May Habib’s start-up is simplifying technology so global companies can communicate in multiple languages on different platforms
May Habib is chasing a unicorn – not the mythical creature but the billion-dollar successes of Silicon Valley. The 30-year-old co-founder and chief executive of Qordoba is now in San Francisco to cement the company’s global status and in doing so, could nurture the first unicorn to have been born out of the Middle East.
Harvard-educated Habib founded Qordoba in 2011 in Dubai, providing software to companies to enable them to automate content publishing in multiple languages and channels.
Born in Lebanon, she began her career in New York, working as a software analyst in mergers and acquisitions for a global investment bank.
“There was an aspect to international living and causes that was completely missing from my day to day life,” she says.
Even though I found the work enjoyable and the company fascinating, I was not thinking outside a very narrow domain
An opportunity to work for Mubadala, the sovereign wealth fund of Abu Dhabi, popped up for Habib who “jumped at it” and began a two year stint with Mubadala that led to travel across Singapore, London, Germany, the USA and UAE.
“I definitely hit my stride,” she says. “We were doing deals all over the world, with a small diverse team. It could not be more different than my experience in Wall Street.”
It was during that time that Habib was able to observe the differences between the developed and emerging markets. Both were moving online, but at varying speeds. Mobile adoption and mobile internet penetration has experienced exponential growth in emerging markets but one of the main issues is the lack of content online.
“The problem of online content was one I kept coming back to the most,” says Habib. “A lot of the motivation when we first started Qordoba was around the idea of information poverty. We’re enabling global access to products and services. There’s a massive push for universal Internet access by 2020 – but if there aren’t good products in those languages, we won’t get the development surplus we think we will by that kind of access,” says Habib.
It is thought that Arabic constitutes less than two per cent of all online content, a disparate figure considering native Arabic speakers constitute almost five per cent of the world’s population.

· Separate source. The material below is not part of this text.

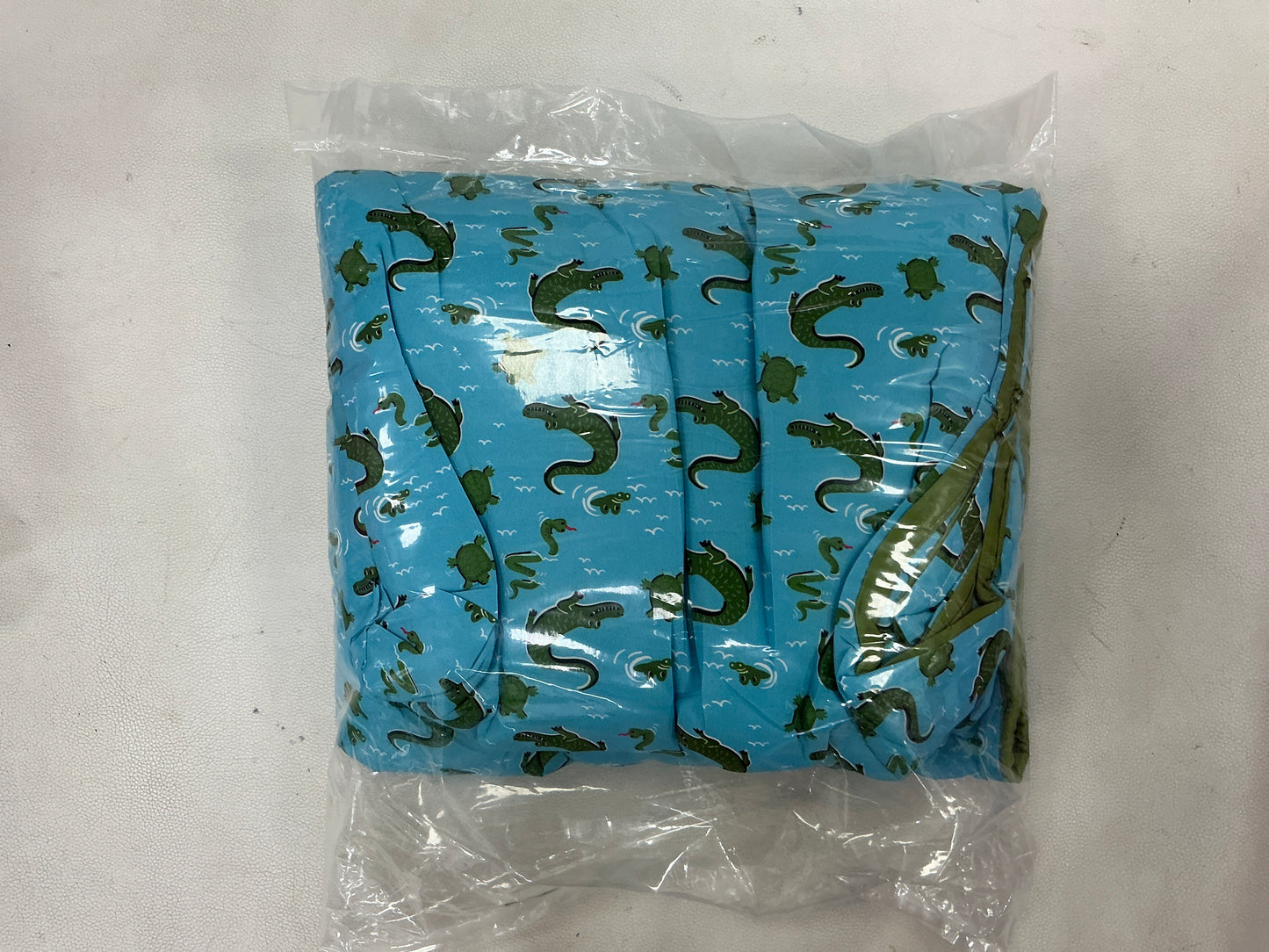 Alligator on blue napmat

For a global company, translating and creating websites for each market they operate in can be an expensive endeavour, so Habib—along with her co-founder and current chief technology officer Waseem Alsheikh—decided to create a software that would enable firms to seamlessly manage and create content in several different languages.
“Essentially it is a software that helps companies manage and expand their multinational and multilingual presence, so if you have mobile apps or product marketing that needs to be in ten or fifteen languages, it is an immense challenge,” says Habib.

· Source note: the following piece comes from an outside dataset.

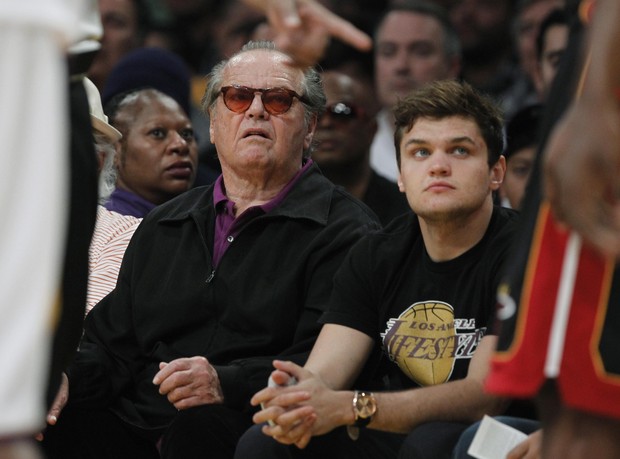 Jack Nicholson vai a jogo de basquete em Los Angeles, nos Estados Unidos (Foto: Reuters/ Agência)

Qordoba’s technology allows firms to localise their content and optimise it for different markets without the trouble of creating that content from scratch.
Making use of her global contacts, Habib ran experiments with law firm Freshfields and advertising company Saatchi and Saatchi to develop multi-lingual content. Both were a success.
“We opened an office in Berlin the following year and we expanded to San Francisco last year, where we are now headquartered,” she says.
Today, Qordoba counts Cartier, Nestle and the World Bank among its clients and the company has now filed two patents in the US for its technology.
Habib’s experience in setting up her company was relatively trouble-free for a start-up. Nor did she find it hard establishing herself as a woman in a male-dominated market.
“It wasn’t hard to decide [to start a company], but I was also young. If I were making that choice now, it would be a little different. I was 26 when I quit my job, I’m 30 now and I spent most of the first year learning,” says Habib. “Making that kind of investment now would seem more daunting.”
A group of angel investors from the Middle East, Europe and the US funded Habib to begin with. The company underwent two rounds of investment in 2012 and 2015 and has raised $4m in total.
“It’s so inspiring to be located in the Valley now. We learnt more in a week here than we did in months before we moved. The density of smart people doing smart things in new and different ways is just off the charts,” says Habib.
Habib puts her success down to perseverance.
“Things that make us [women] successful are things that make anyone successful – the ability to see the forest from the trees, make incremental progress in a disciplined way and keep your eye on the prize. It is ten times harder than anyone says it is, and it gets harder because the milestones you set keep moving out.”
In her spare time, Habib maintains the link to her former university. She is also a World Economic Forum (WEF) ‘global shaper’, a network of young people showing exceptional potential and drive.
“The nice thing about WEF is that it’s very much people who are global actors working in local contexts—people who are trying to make a difference,” says Habib. And she should know.